Otro juguete que acompañó a los niños de antes fue el trompo, no sé si el termino es internacional, que estaba en los bolsillos de todos los niños normales, acompañado de la inseparable piola o cuerda con la cual se hacía bailar.  Muchos chicos hacían cualquier cantidad de piruetas y malabares con ese pequeño pedazo de madera (hoy los fabrican de plástico y se perdió el encanto) zumbador y bailarín. La punta metálica se iba redondeando con el uso y uno podía hacer bailar el trompo en la mano, en la frente (corriendo el riesgo de sacarse un ojo), sobre cualquier superficie plana y pasarlo a otras manos. Era de risa cederle el trompo bailando a una niña, por lo general tan pronto sentían las cosquillitas en la mano dejaban escapar un gritico y lo dejaban caer. Con el trompito se practicaban innumerables juegos, según la imaginación infantil.

En el arsenal que llenaba los bolsillos de los niños de antaño no podían faltar las canicas, estas esferas de cristal, con alma de colores que tantos conflictos y tantas alegrías causaron. Con las bolas de cristal y los trompos se realizaban muchas variantes lúdicas; una era poner cierta cantidad de bolas dentro de un círculo, por ejemplo cinco por cada jugador, luego se sorteaban los turnos y en el orden establecido el niño lanzaba su trompo bailando al área con las bolitas con la intención de sacarlas; si lograba sacar una, repetía su turno y asi sucesivamente hasta que no podía sacar ninguna. Ricardo era un tahúr para este juego y casi siempre sacaba la mayoría y se marchaba con los bolsillos llenos.

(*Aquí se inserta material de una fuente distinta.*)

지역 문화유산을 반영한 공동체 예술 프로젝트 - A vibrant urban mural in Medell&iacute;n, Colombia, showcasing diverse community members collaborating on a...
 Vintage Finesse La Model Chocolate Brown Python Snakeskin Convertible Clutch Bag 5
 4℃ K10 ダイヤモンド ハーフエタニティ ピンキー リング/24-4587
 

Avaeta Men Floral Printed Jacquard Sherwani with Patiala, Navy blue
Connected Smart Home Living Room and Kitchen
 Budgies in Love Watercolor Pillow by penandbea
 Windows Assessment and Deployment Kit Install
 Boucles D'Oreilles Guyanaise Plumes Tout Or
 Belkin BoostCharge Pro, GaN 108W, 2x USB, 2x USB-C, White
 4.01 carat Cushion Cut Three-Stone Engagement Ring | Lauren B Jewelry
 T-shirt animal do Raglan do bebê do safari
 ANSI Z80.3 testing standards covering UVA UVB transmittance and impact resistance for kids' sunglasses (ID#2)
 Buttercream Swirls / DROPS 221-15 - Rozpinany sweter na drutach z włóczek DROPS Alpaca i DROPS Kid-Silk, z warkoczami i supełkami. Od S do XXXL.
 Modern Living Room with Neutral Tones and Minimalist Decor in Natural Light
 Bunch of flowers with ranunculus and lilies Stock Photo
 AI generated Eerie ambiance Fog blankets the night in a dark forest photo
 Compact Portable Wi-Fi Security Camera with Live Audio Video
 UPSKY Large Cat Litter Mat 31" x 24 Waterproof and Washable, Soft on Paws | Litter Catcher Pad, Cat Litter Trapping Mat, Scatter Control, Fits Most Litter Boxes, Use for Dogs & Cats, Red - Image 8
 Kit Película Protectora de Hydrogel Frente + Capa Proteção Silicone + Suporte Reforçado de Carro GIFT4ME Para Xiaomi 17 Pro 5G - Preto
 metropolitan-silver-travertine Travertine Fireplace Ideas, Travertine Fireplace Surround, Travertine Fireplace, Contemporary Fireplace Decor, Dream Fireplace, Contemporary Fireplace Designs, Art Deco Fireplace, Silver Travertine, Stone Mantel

Otro juego lo llamábamos pepe y cuarta, pepe era darle con la bola de uno a la del rival y esto hacía que uno cobrara la apuesta establecida; la cuarta era la medida entre las puntas del índice y el pulgar, cuando uno lograba acercarse a una cuarta o menos tenía derecho a otro tiro (la canica en el suelo y uno empujaba la propia con el índice, si el golpe era mal calculado y no hacía pepe o cuarta cedía el turno). Como en todas las competencias entre seres humanos de cualquier edad, cualquier desacuerdo terminaba en alegato o a puñetazos, con las narices y las bocas rotas. La enemistad duraba hasta el otro día y tan amigos como siempre.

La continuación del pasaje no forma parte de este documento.